Anne O’Connor, HSE COO; Dr Colm Henry, Chief Clinical Officer; and Dr Siobhan Ni Bhriain, HSE Integrated Care Lead. Photocall Ireland

Staff and residents in nursing homes to be tested, prioritising those with confirmed Covid-19 case

It comes after a number of residents in care centres died in the past week.

LAST UPDATE | Apr 17th 2020, 6:50 PM

THE HSE HAS said that it will prioritise testing staff and residents of long-term care centres, which includes nursing homes, mental health facilities and disability residential centres.

At a briefing this afternoon, it was announced that long-term residential care centres where there had been confirmed Covid-19 cases would be prioritised for testing; at the Department of Health’s briefing this evening, it was updated to say that all nursing homes and other care centres would now be prioritised for testing.

This was announced after 11 residents at St Mary’s Hospital in Dublin who were confirmed to have Covid-19 died.

A further eight patients who were confirmed to have Covid-19 at a residential centre in Portlaoise, Co Laois, died over the bank holiday weekend. 

Today, at a briefing focused specifically on long-term residential care centres (LTRC), for example nursing homes, the HSE announced a number of actions to help protect residents and staff at these care centres.

Anne O’Connor, Chief Operations Officer at the HSE, said that there have been 335 outbreaks in LTRC centres; of these 186 outbreaks were in private centres, and 112 were at HSE providers.

It’s important to mention that outbreaks are not the same as clusters. An outbreak is one confirmed case, a cluster involves more than three cases.

196 (or 59%) of those outbreaks are in nursing homes, she said.

Among those measures announced were “enhanced testing” at centres, which means that in any residential centre where there is a confirmed case, that all staff and residents would be tested.

HSE Chief Clinical Officer Dr Colm Henry spoke about the emotional toll of the deaths of those in nursing homes, and said that Covid-19 is particularly virulent among older people.

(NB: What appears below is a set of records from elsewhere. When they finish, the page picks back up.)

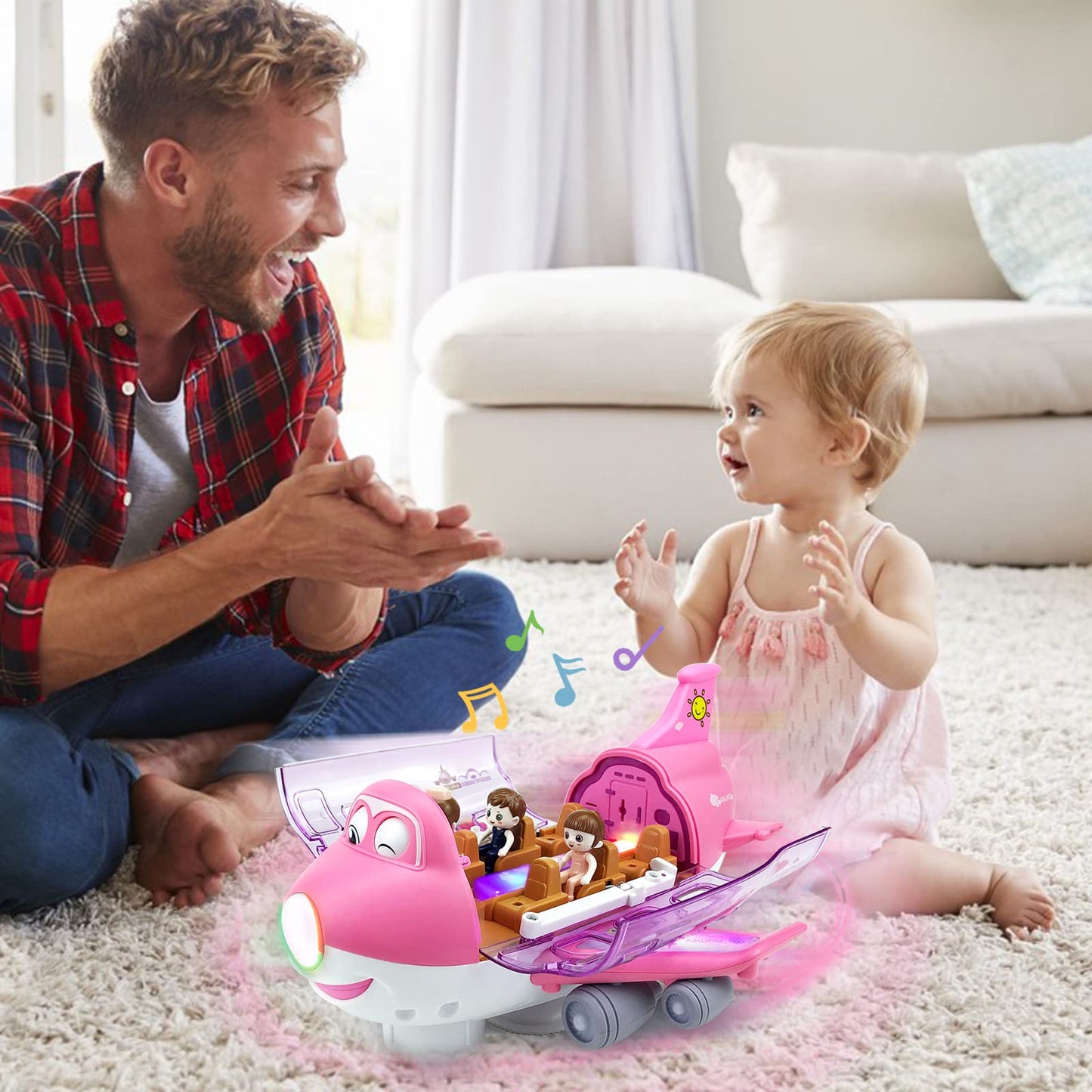 Ynybusi Pink Airplane Toys for Toddlers 1-3-5, Toy Airplane for 4-8 Year Old Boys Girls Birthday, Toddler Toys Bump and Go Action Air Plane with LED Flashing Lights & Sounds (Pink)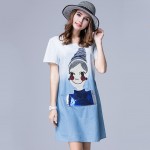 Summer Kawaii Dresses New Large Size Women Kawaii Dress For Fat Cotton Denim Cloth Color Gradient Dress Plus Size Women Clothing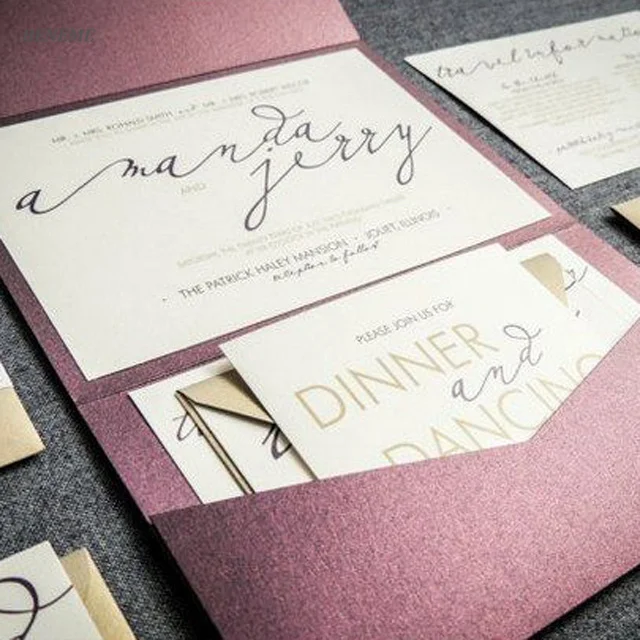 Silver Foil Luxurious Super Art Pearl Paper Royal Wedding Card and Envelopes Design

“If any of us get pneumonia, we expect to get a cough and fever, but with older people, they may not get the same symptoms”, because of a weaker immune system.

Each death is a tragedy, and this is an incurable illness, it doesn’t matter where you are. There is no treatment for this disease.

Speaking at the Department of Health briefing tonight, Dr Tony Holohan said that testing at nursing homes would be prioritised above other tests. 

“There will be a focus in relation to those centres that have had experience with this infection, there will be a focus also on staff in particular in places that have not yet reported cases of this infection, and then perhaps also patients in those settings.”

There are around 28,000 patients and 30,000 staff at nursing home facilities across the country; although there are not definite numbers yet available for staff at mental health and disability residential centres, there are around 2,600 beds across mental health facilities and around 8,300 residential places in disability centres.